Ghana footballer (born 1980)

Issah Mohammed (born 20 December 1980) is a Ghanaian former professional footballer who played as a forward. Emerging as a prolific striker with Sekondi Hasaacas F.C. in the Ghana Premier League, he was called up to the Ghana national football team and earned eight cups between 2000 and 2001.

In 2002, Mohammed joined IFK Norrköping in Sweden’s Allsvenskan, where he made an immediate impact by scoring twice in a pre-season friendly against AIK and was regarded as a highly promising signing. Despite this early promise, his opportunities became limited following a coaching change, and his career later included spells with Hearts of Oak and Hapoel Bnei Lod in Israel. He returned to Sweden in 2008 after his time in Israel and played Division 3 football.

== Club career ==
=== Early career ===
Mohammed began his career in Ghana with Sekondi Hasaacas, competing in the Ghana Premier League. Between 2000 and 2001 he gained recognition as a prolific striker, scoring multiple goals that earned him attention from both the national team and European clubs.

=== IFK Norrköping ===
In February 2002, Mohammed signed a three-year contract with Swedish club IFK Norrköping, a move confirmed by UEFA. He impressed in pre-season, scoring twice in a friendly against AIK. Mohammed went on to play 11 Allsvenskan matches, scoring one goal during the 2002 season.

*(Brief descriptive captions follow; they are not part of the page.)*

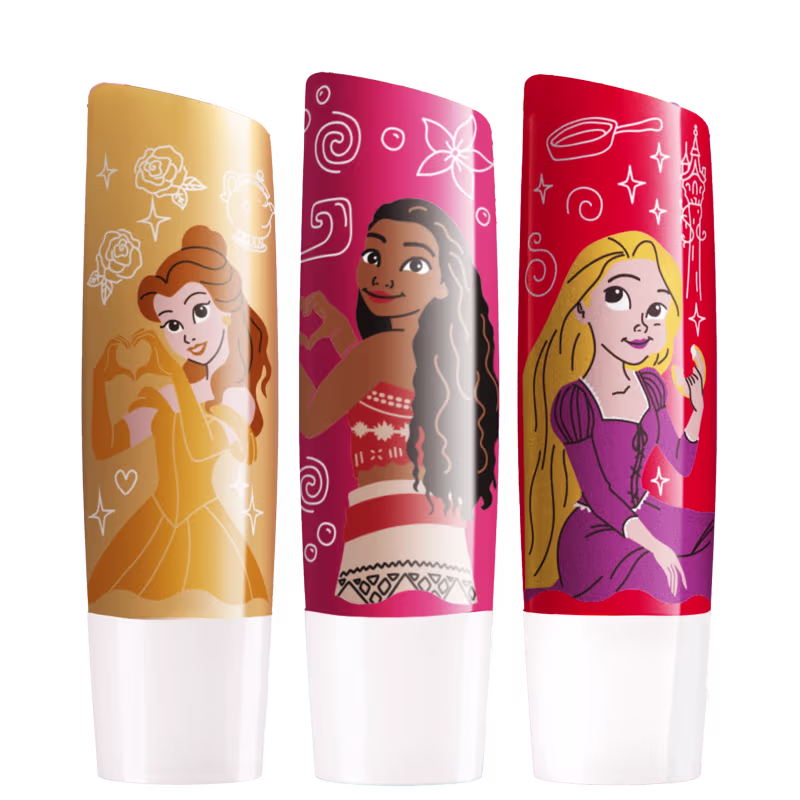Hidratantes Labiais NIVEA da linha Disney Princesa, com a ilustração da Moana, Rapunzel e Bela
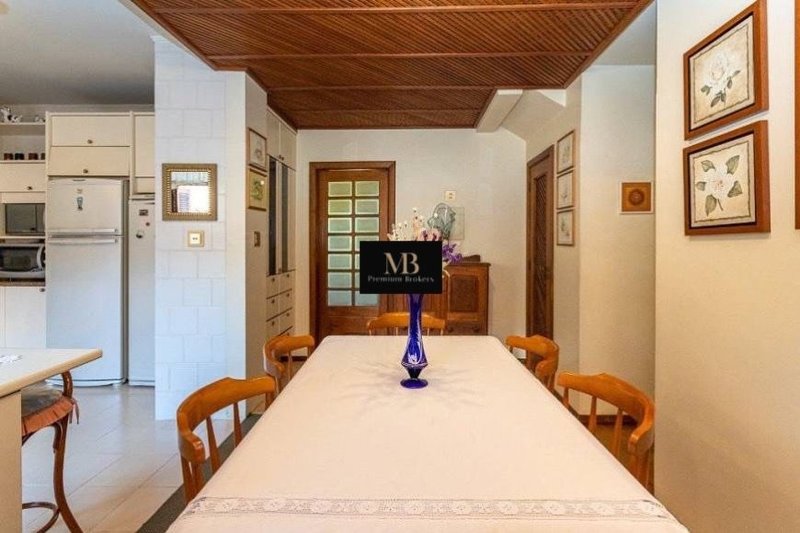 R$ 1.350.000 - CASA RESIDENCIAL - 417M2 - 6 DORM - 2 VAGAS - QUADRA DE ESPORTES - Porto Alegre - 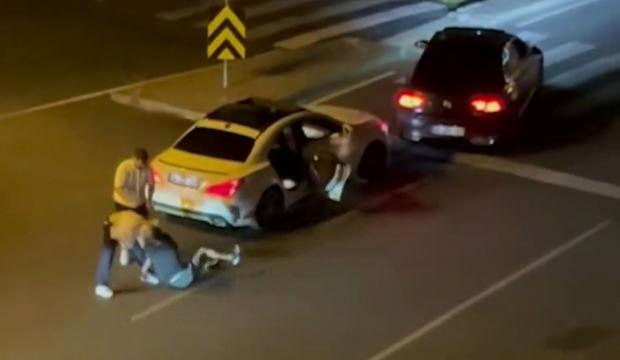 İstanbul Başakşehir'de trafik ter&ouml;r&uuml;: Bir s&uuml;r&uuml;c&uuml; dakikalarca yerde darbedildi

However, after the dismissal of head coach Bengt-Arne Strömberg, his successor Håkan Ericson was reported by Ghanaian media to have shown less confidence in Mohammed, which limited his playing opportunities.

In September 2002 IFK Norrköping club doctor Jan Ericson reported that Issah had sustained a career threatening knee injury requiring months of rehabilitation which consequently ended his career in the club.

=== Return to Ghana ===
After his spell in Sweden, Mohammed returned to Ghana, rejoining Sekondi Hasaacas in 2003. He later joined Hearts of Oak in 2005, making a handful of appearances.

=== Hapoel Bnei Lod ===
In 2007, Mohammed signed with Israeli club Hapoel Bnei Lod, then playing in Liga Leumit, the country’s second division. His tenure in Israel during the 2007–08 season marked his final documented professional club experience.

=== Return to Sweden ===
In August 2008, Mohammed returned to Sweden and joined local side Assyriska Föreningen i Norrköping in Division 3. He made an immediate impact: Swedish local media reported three goals in his first four matches and five goals in five appearances during the promotion push that autumn. He had initially come in to keep fit and was quickly registered to play; local coverage credited him with two goals in his first two outings for the club. A short-stay visa meant his initial stint ended in early September 2008, but he returned for the 2009 season and continued to feature and score in Division 3 matches, including against Vimmerby IF. Match records also show him involved in further league fixtures that year, such as the 2–1 win over IK Östria Lambohov on 12 June 2009.

== International career ==
Mohammed was capped for the Ghana national football team between 2000 and 2001, making eight FIFA-recognized appearances without scoring. He participated in both 2002 FIFA World Cup qualification (CAF) matches and Africa Cup of Nations qualification fixtures, as well as several friendlies.